INPUT DATA below:

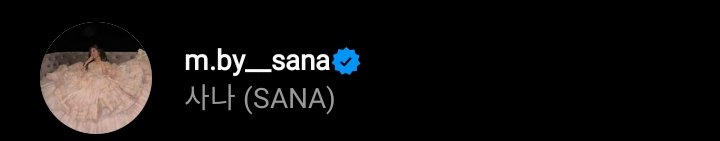 ZHRM6yvD7gOyZgb's tweet photo. Both changed their profile pics ...on instagram π±
Sana changed her profile after Mark 's
#marksana #Marktuan #sana https://t.co/cyvCUvwkxZ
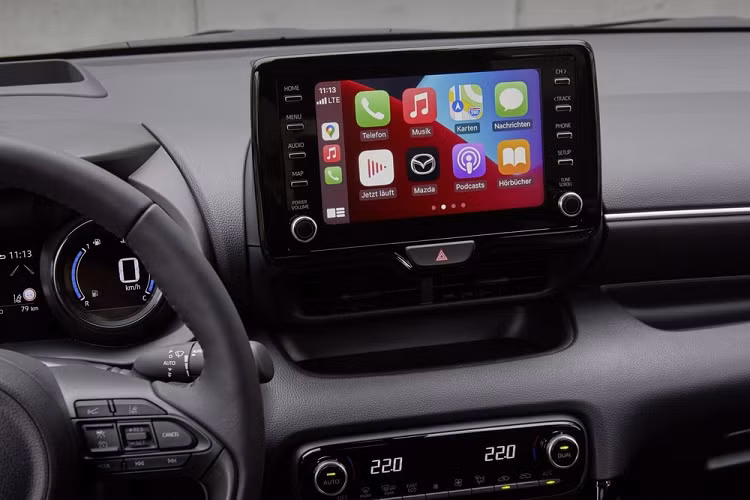 Được phát triển dựa trên cơ sở gầm bệ TNGA-B chung với Toyota Yaris, Mazda2 2022 dành cho thị trường châu Âu được trang bị hệ thống thanh giằng treo MacPherson phía trước và dầm xoắn đằng sau. Bên cạnh đó, xe còn sở hữu chiều dài 3.940 mm, chiều dài cơ sở 2.550 mm và bán kính vòng quay 4,9 m.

End of INPUT DATA.

Nothing but the pictures should be left out when the listing above is transcribed.

 ZHRM6yvD7gOyZgb's tweet photo. Both changed their profile pics ...on instagram π±
Sana changed her profile after Mark 's
#marksana #Marktuan #sana https://t.co/cyvCUvwkxZ
 Được phát triển dựa trên cơ sở gầm bệ TNGA-B chung với Toyota Yaris, Mazda2 2022 dành cho thị trường châu Âu được trang bị hệ thống thanh giằng treo MacPherson phía trước và dầm xoắn đằng sau. Bên cạnh đó, xe còn sở hữu chiều dài 3.940 mm, chiều dài cơ sở 2.550 mm và bán kính vòng quay 4,9 m.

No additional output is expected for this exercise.